Unfortunately, there was a loophole in that amendment, allowing the slavery of prison labor.  And worse, even if we closed that loophole, systems have evolved over time to take advantage of a desperate illegal immigrant workforce in slave conditions.  Some “illegal” workers are laboring in the open with a crude bare minimum of protection and pay, but many people who come to this country don’t have that much, and become literal slaves – shackled by the threat of state violence, deportation, etc.  It’s like the hellish bait-and-switch they use in Dubai, working immigrant muslims to death to build their gilded towers, except here it’s people from all over the world doing agricultural work, or house work, or – in the only type fuckers are ostensibly bothered by – sex work.

So while slavery persists on American soil, let Juneteenth be a rallying day for those who would fight it.  Later today I will post about the more celebratory side of things, but for this morning, some bitter coffee for the people.

And one more thought.  Not to undercut my comrades here, but I feel like this isn’t my day to celebrate?  Solemn remembrance, reflection, putting in work for the cause, OK.  But the barbecue?  The jocularity?  That belongs black folks, as it has, as it continues to be regardless of its now official seal.  This isn’t strictly a feeling about appropriation or some other SJW rhetoric.

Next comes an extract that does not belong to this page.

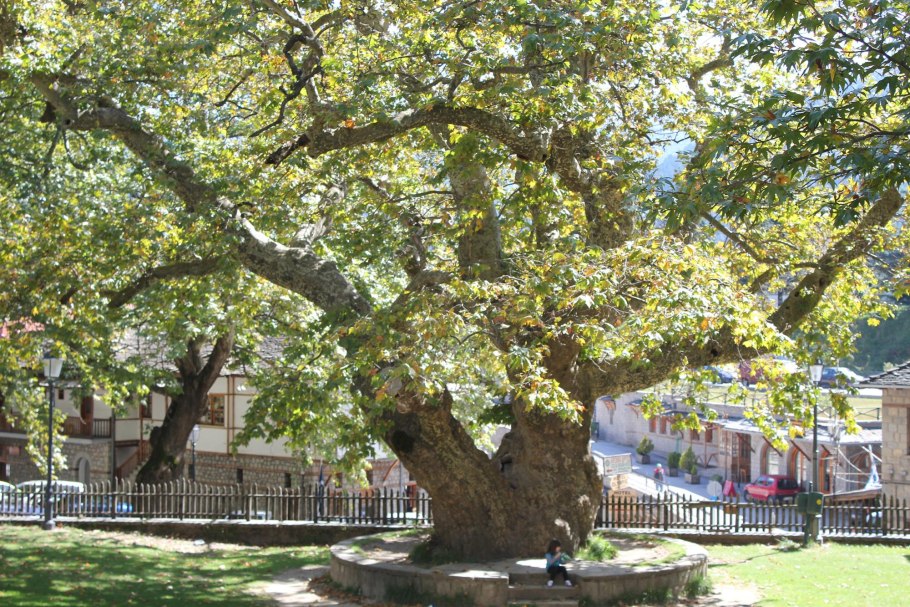 Платан сикомор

Think of it this way – emancipation wasn’t the gift of a good thing, it was the removal of (one) bad thing.  Let’s say you spent your whole life under a rock that somebody else put there.  Eventually the guy who put the rock there comes along and helps you roll it aside.  He doesn’t help you stand up – you have to do that for yourself.  Once you are standing there, still crippled from a life on the ground, you might feel like celebrating.  But do you really feel like extending that celebration to the smug guy congratulating himself for eventually changing his mind about the rock?

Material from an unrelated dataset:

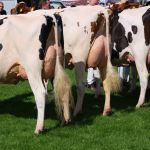 Rundveekeuring Opmeer 2023 - jonge koeien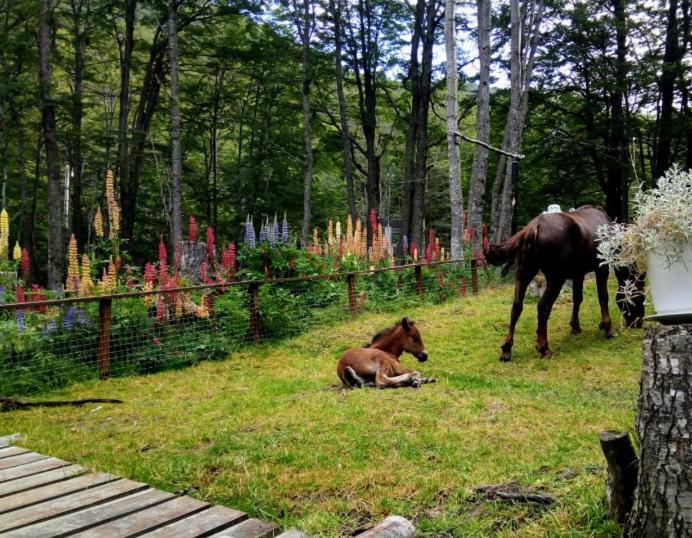 Bosque Holistico Del Fin Del Mundo Hotel Ushuaia Exterior foto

There are thousands of African Americans with my last name.  I don’t have to look up a genealogy to know that means some of my ancestors were human filth that had to be murdered or forced at gunpoint to practice the most basic of human decency.  It means all those people are surely my brothers and sisters by a father who was one of the very worst types of rapist.

I’m not at all interested in the stories of white people like myself who can make this claim, whether it’s backed up by historical record or not.  Please don’t talk about your slaver ancestors in my comment section.  There’s probably another blog on this network more amenable to that, and that’s fine.  I only bring this up to say that my people did some dirt and profited from it, and I still profit from it every day, whether it’s apparent or not.  As long as that’s the case, I will let other people do the cake and cookies on June 19ths.